Conrad Black may find that humble pie sticks in his gullet for some time. He is reported to be in a combative mood toward past tormentors. But such emotions of triumphalism or vengeance will soon turn to the ashes of bitterness. The best advice for avoiding such negativity is the old biblical adage Turn the other cheek.
None of this is easy. But the greatest struggles for an ex-prisoner are the internal battles of the soul. Few understood this better than the most celebrated jailbird of the Watergate saga, Charles W. Colson. In addition to his godly zeal in his post-conversion era, Colson also kept in mind the secular thought that his old political enemies would always be watching him in the hope that he would stumble or fall. Similar ill-wishers will be observing Conrad Black's post-prison journey.
SO THE QUESTIONS THAT WILL BE most frequently asked as his post-release dramas unfold are: Has Black been humbled by his experiences? Has he changed? Will he seek a completely fresh start using his considerable talents (not least as a writer and communicator) to move into new fields of endeavor? The jury is out on all these questions. There are some signs that Black's eventual answers will be full of surprises.
So far he has shown courage and character on his travails. He has kept the love of his wife, Barbara. He has grown in his spiritual faith. He does have a small group of "hoops of steel" friends who may guide him well through the rocky road of reentry. So what the media prophesies about Conrad Black today could well turn out to be nonsense tomorrow.
Black particularly admired two friends in his life who may now be relevant to what he will do next. They were Jack Profumo and Richard Nixon.
The last time I attended a big party at the London home of Conrad and Barbara, the late Jack Profumo was there. The politician -- who in the 1960s fell from grace for lying to Parliament about sharing a mistress, Christine Keeler, with a Russian naval attaché -- looked a slightly frail and lonely figure, rather out of place among the glittering birds of high society paradise thronging the grand salons of Chateau Black. Jack spoke movingly of his years as a political and social pariah in London. Then he said wistfully: "I didn't get asked to parties like this, you know." He was clearly grateful for Conrad's kindness. It is a good bet that Conrad will now be thinking a great deal about Profumo's self-effacing road to rehabilitation.
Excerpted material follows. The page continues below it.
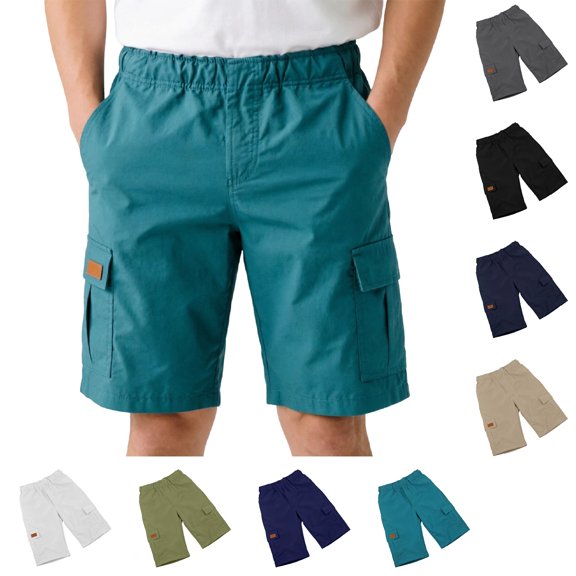 WELOIJEVBE Girls Boys Uniform Shorts Classic Flat Front Pull-On Elastic Waist Shorts with Pockets Sky Blue Shorts Boys Back To School Outfits for Boys Kid Preppy Clothes 9-10 Years
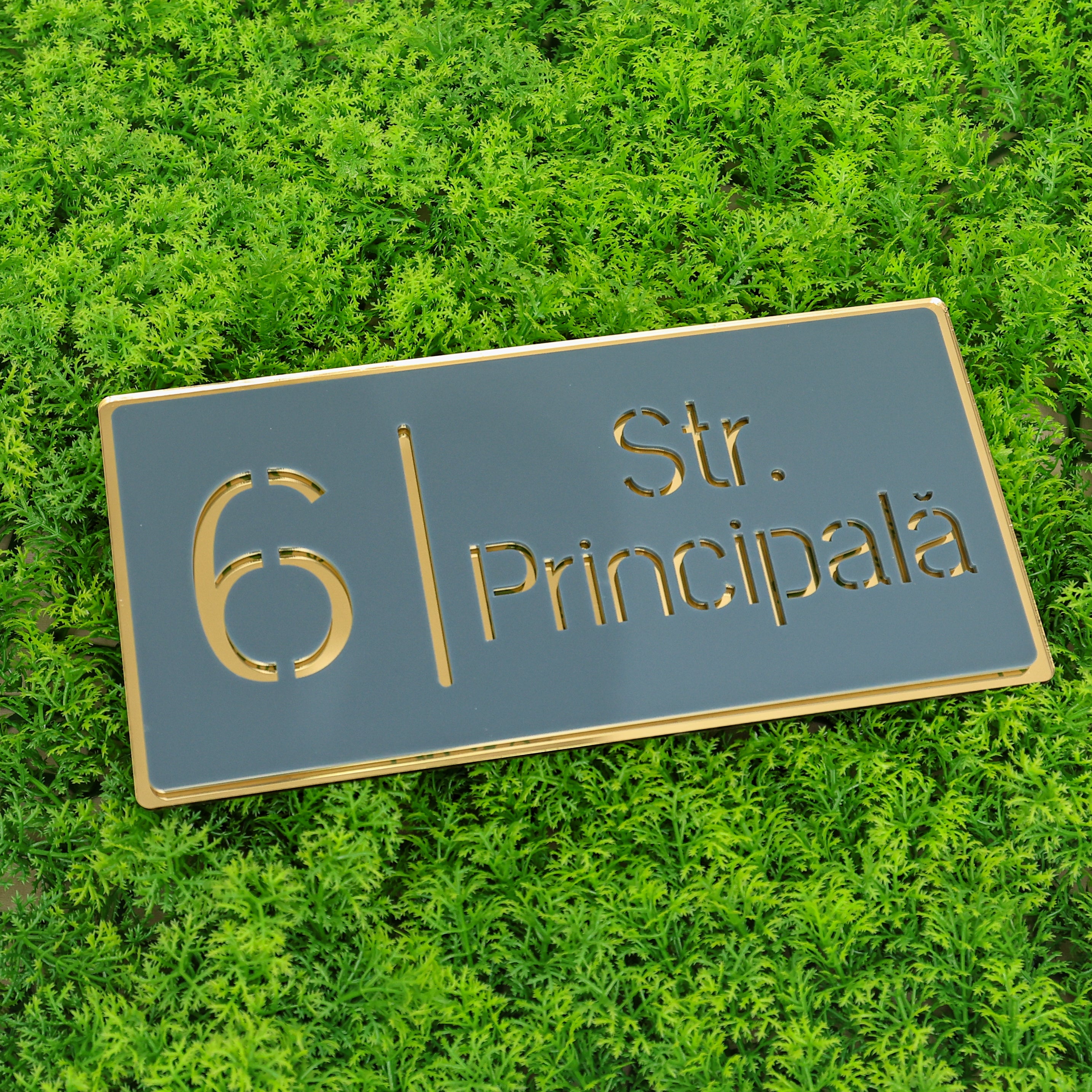 Număr de casă royal antracit lucios - auriu oglindă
As for Richard Nixon, perhaps the most remarkable icon of personal recovery in 20th-century history, he was the subject of biographies by both Black and myself. So I feel sure that somewhere in Nixon's post-resignation odyssey there are examples and role model paths that Black will seek to emulate. If that view is correct, neither revenge nor a triumphalist resurrection will last long on Conrad's agenda.
Instead, he may learn something from Nixon's inner journey of recovery, surprising himself and the world by seeking and finding peace at the center. And, like Nixon, he may enjoy, in old age, quoting the words of Sophocles: "Sometimes one has to wait until the evening to see how glorious the day has been."